村と村の争い、また、そこに藩がからんだような場合、幕府の評定所に訴えることができた。その権利……なにか問題があれば幕府に訴える権利があり、幕府は自分たちの暮らしを守ってくれるものであるという意識、これは、なるほどそういうものと理解できるのか、と思って見ていた。これは、近代的な市民意識や権利意識に通じるものではある。

しかし、西欧の啓蒙思想によって確立した人権という概念とはまたちがったものでもあろう。このような近世の日本における法意識というのが、どのようにして、近代以降の国民や市民としての感覚につながっていくことになったのかは、非常に興味深いところがある。

農業というのが、総合的な産業であるという視点も大事である。農業を維持するためには、近くに山野がなければならない。材木や燃料、肥料の確保のためである。(この番組では言っていなかったが)出来た農産物の流通も重要である。ただ、自給自足だけではなく、年貢とおさめた農産物(それは必ずしも米とは限らないはずだが)が流通しなければ、武士という支配層をふくめた社会全体がたちゆかない。

百姓が定住するようになって、つまり、奔ることがなくなって、家を建てるときに礎石を置くようになった。これは、そうなのだろうと思う。中世までの百姓は、奔るもの、逃散ということがあったはずだが、その実態はどのようなものだったのだろうか。

山林の測量技術も、江戸時代の初めにあのように精巧なものが作られていたということも驚きである。原理としては、方角の確定と、ピタゴラスの定理、ということになるのだが、それを実地に応用して、山林の立体図形を作りあげたというのは、すばらしい。(いまだったら、GIS技術、航空写真、衛星写真とか、あるいは、ドローンを使った点群データという方法を使うところかと思うが。)
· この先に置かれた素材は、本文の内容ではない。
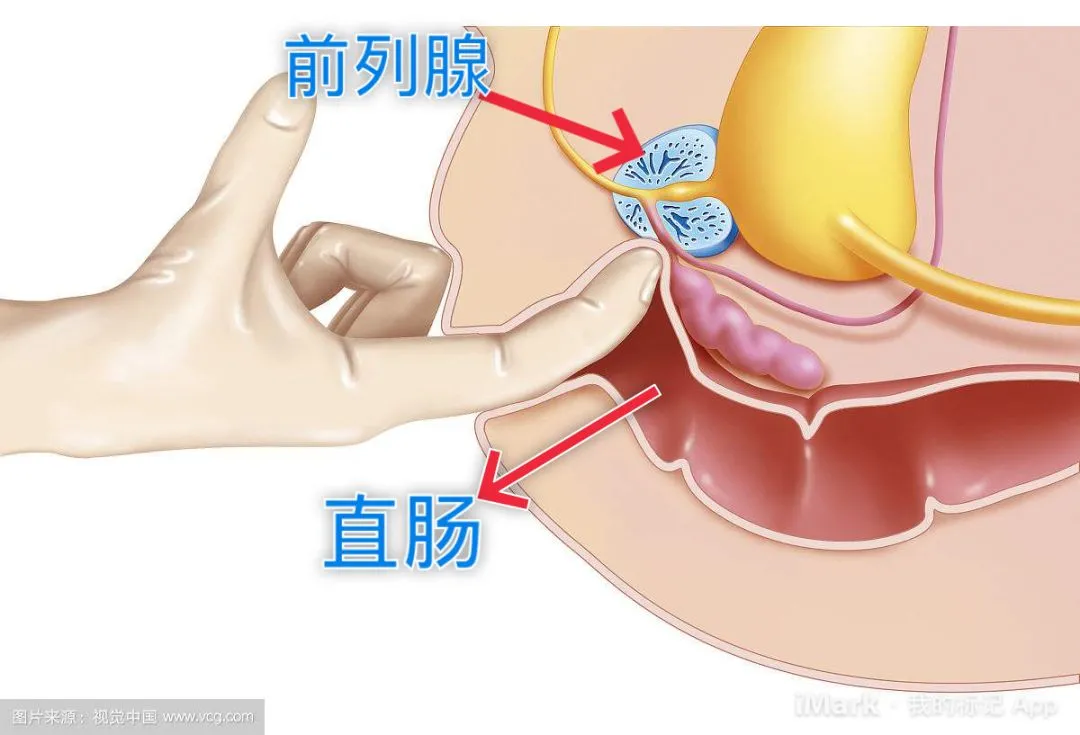 饮酒吸烟能治疗前列腺炎吗?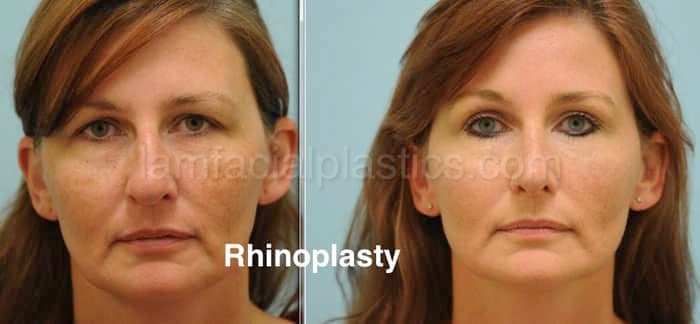 Rhinoplasty Before and After Photo by Dr. Lam in Plano TX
江戸時代の庄屋の意識というのも、興味深い。中には強欲な人物もいたのかもしれないが、村のために身命をなげうって仕事をしている。こういう人たちの意識(地域社会について)が、その後の明治以降の、愛郷心、愛国心、また、勤労精神などにどうつながっていくのか、ということも重要であろう。さらにこれは、近代的な公共という意識の問題にもつながるものでもあろう。